In a previous Article we have explained how Stair Segments and Turnings work in General. In this article we will show you 2 examples of how to use them to create Stairs with Equal Angle winders, and explain how this winder type works in general.
How Winder with Equal Angles work
The basic rule of this winder type, is that it will position the first and last riser of the winder first (based on the offset set by you), and then it divides the angle between the two into as many equal parts as you defined. The first and last riser will always be perpendicular (90°) to the walking line.
See the GIF below showing you the process:
About Winder Options
This is where you can control the properties of the winder. You can open the Winder Options dialog either from a Drop-down menu in the Stair Selection Settings, or by clicking on the corner (Turning node) of the Stair, and selecting Turning Type Options from the Pet Palette.
On the Top-right you can find the Division Method settings. Here you can choose one of the 4 Division methods from the drop-down menu that opens when you click the little arrow next to it.
- Fixed Number of Goings: Use this if you know exactly how many treads you want in the winder. You can enter the number of treads in the field below.
- Maximum Number of Goings: Use this if you want to let ARCHICAD calculate the number of treads in the winder, and you want as many treads in the winder as possible (based on your other stair rules).
- Optimum Going Width: Use this if you don’t have an exact number of treads in mind, you just want to let ARCHICAD find the optimal number of treads, based on your run/going length settings.
Note: There can be no less than 1 steps in any direction, so there will always be at least 2 steps total in the winder.
Riser offsets from corner
You can define the distance of the first and the last riser from the corner of the winder here (see the picture above for reference). These values can either be fixed, or they can be a minimum distance, and let ARCHICAD calculate the required distance (it can also be set to 0, if you want no offset at all). You can choose between these 2 methods if you click the little arrow next to the setting.

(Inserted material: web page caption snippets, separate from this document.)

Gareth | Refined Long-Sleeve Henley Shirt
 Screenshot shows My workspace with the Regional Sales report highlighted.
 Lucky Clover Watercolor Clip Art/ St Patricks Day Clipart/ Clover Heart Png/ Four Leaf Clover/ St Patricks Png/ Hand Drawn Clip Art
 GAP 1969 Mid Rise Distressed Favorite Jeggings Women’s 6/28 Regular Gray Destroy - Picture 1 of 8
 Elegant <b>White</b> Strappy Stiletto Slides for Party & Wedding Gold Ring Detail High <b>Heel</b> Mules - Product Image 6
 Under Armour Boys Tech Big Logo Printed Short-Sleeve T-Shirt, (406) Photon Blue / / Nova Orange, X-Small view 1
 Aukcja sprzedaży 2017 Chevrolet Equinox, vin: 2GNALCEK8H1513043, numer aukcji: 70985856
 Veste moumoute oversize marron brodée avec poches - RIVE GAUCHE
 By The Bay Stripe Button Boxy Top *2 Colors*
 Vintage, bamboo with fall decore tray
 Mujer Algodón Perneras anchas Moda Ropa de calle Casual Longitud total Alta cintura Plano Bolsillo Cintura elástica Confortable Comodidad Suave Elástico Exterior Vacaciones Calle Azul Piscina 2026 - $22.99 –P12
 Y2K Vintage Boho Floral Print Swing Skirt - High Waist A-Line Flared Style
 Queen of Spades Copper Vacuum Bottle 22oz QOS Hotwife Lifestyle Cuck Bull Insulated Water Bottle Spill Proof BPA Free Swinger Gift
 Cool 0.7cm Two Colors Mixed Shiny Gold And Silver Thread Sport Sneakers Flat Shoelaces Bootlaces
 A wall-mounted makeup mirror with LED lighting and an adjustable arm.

The distances can either be defined in working units (m, mm, inches, etc.), or in going length (eg. 0.5*goings). You can switch between the 2 methods with the little arrow next to the number fields.
Note: If your local regulations require the two distances to add up to 1 Going, ARCHICAD can calculate it automatically if you tick the ‘Sum = 1 Going’ checkbox.
L-shaped Stair example
In this example we will construct an L-shaped Stair with the Segments being standard ‘Flights’, and the Turning being ‘Winder with Equal Angles’.
- Open the Default stair settings dialog, and set up the story height and your stair rules according to your taste or local standards.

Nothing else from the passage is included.